Praktijkgebieden: Intellectuele eigendom
Paniek op weblogs, in het nieuws en op Wikipedia! Het Europees Parlement zou van plan zijn om het maken en verspreiden van foto’s van gebouwen te verbieden op grond van het auteursrecht van de makers daarvan. Als gevolg van zo’n verbod zouden onschuldige vakantiegangers die kiekjes maken van de Eiffeltoren of Westminster Abbey het risico lopen gearresteerd te worden!
Ter geruststelling, zo’n vaart zal het niet lopen. Handhaving van het auteursrecht heeft bij de meeste Europese opsporingsdiensten en openbaar ministeries geen prioriteit, en zeker niet wanneer het om kleinschalige inbreuken van particulieren gaat. Foto’s van Westminster Abbey zullen hoe dan ook geen inbreuk opleveren: de architect van de laatste toevoegingen aan de kerk is al bijna 300 jaar niet meer onder ons. Ook het auteursrecht op de Eiffeltoren is al zo’n twintig jaar vervallen: enkel op de nachtelijke uitlichting van het bouwwerk rust nog auteursrecht.

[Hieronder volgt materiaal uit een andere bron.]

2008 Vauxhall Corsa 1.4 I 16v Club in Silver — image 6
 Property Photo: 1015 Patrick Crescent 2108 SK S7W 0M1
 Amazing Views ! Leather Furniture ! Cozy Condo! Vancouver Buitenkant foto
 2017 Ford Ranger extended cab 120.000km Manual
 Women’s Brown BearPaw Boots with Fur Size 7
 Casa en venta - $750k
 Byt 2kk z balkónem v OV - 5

Wat is er dan wel aan de hand? De Europese Auteursrechtrichtlijn (uit 2001) bepaalt dat elke lidstaat het auteursrecht op werken in de openbare ruimte mag beperken, in die zin dat het maken van verveelvoudigingen en het openbaar maken daarvan geen inbreuk op het auteursrecht van de maker van het werk (zoals de architect) vormt. De meeste lidstaten hebben deze beperking ingevoerd, maar een aantal heeft dat niet gedaan. Nederland wel: artikel 18 van de Auteurswet bepaalt dat een verveelvoudiging of openbaarmaking van een gebouw of kunstwerk in de openbare ruimte zoals het zich aldaar bevindt, geen inbreuk op het auteursrecht vormt.
Een commissie van het Europees Parlement heeft recent onderzoek gedaan naar de implementatie van de Auteursrechtrichtlijn. Daaruit is onder meer gebleken dat er grote verschillen tussen de lidstaten bestaan met betrekking tot de panoramavrijheid, zoals de bovengenoemde uitzondering ook wel wordt genoemd. Die verschillen zouden een negatieve invloed hebben op de werking van de interne markt: rechthebbenden en gebruikers van de verveelvoudigingen moeten voor elke lidstaat nagaan wat de plaatselijke regels zijn. Daarom stelt de parlementaire commissie nu voor om commercieel gebruik van afbeeldingen en video’s van werken in de openbare ruimte altijd aan de toestemming van de maker van het werk te onderwerpen.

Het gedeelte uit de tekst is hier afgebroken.